[Data items]
★ ★ ★ ★

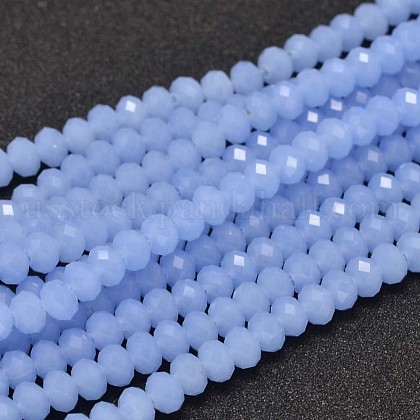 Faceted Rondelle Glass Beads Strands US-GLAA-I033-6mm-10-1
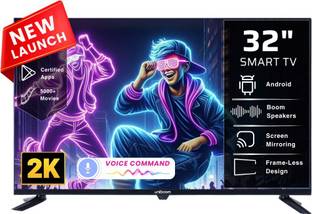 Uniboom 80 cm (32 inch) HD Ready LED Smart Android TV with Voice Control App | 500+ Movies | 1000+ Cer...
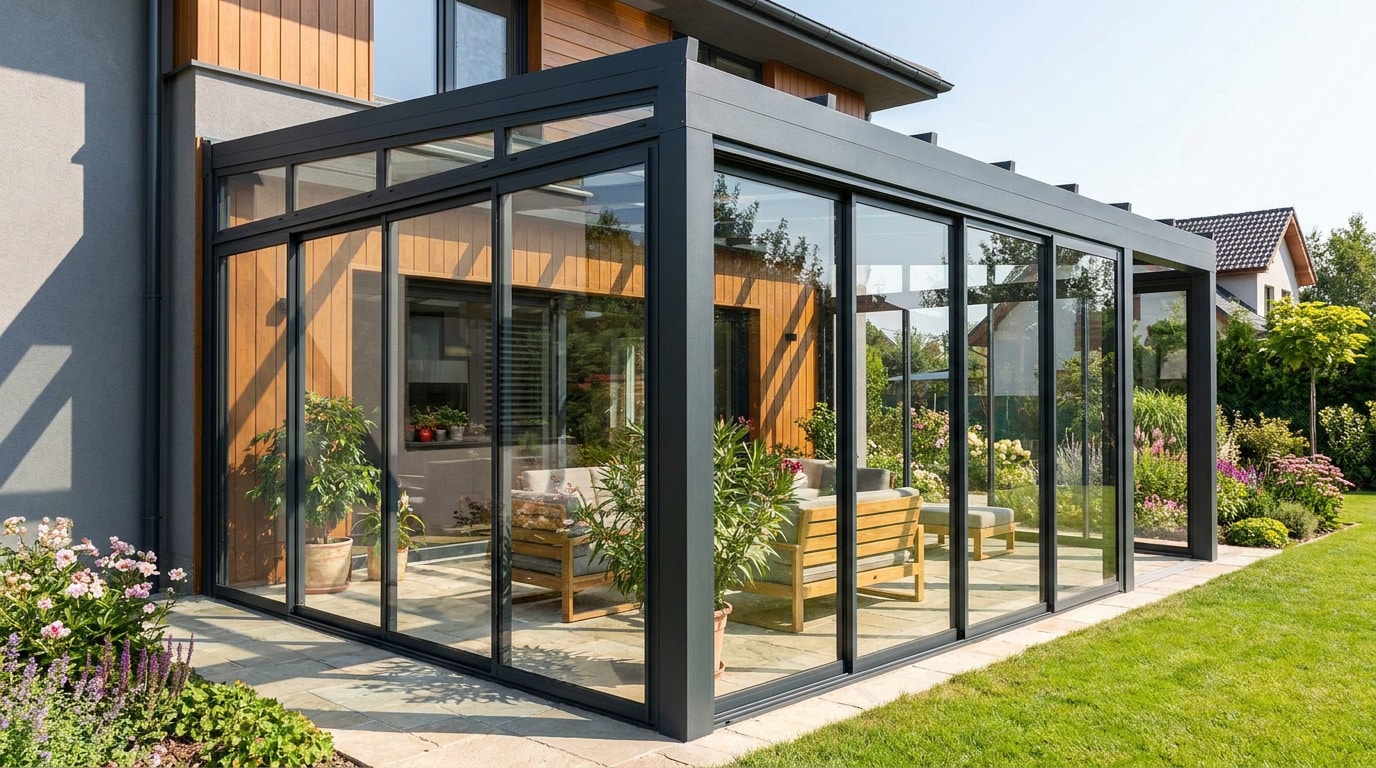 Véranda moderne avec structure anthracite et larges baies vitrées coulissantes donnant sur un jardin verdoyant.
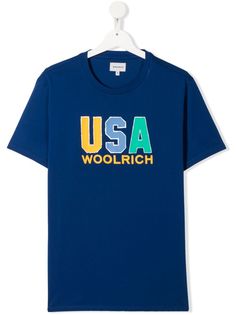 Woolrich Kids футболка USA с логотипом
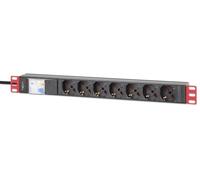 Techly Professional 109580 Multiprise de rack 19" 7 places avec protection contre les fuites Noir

★ ★ ★ ★

> [Task goal]: From the line containing "Woolrich Kids футболка USA с логотипом" down to the last line of the entries above, set down every line exactly. Omit all pictures.

> [Answer to the exercise]:
 Woolrich Kids футболка USA с логотипом
 Techly Professional 109580 Multiprise de rack 19" 7 places avec protection contre les fuites Noir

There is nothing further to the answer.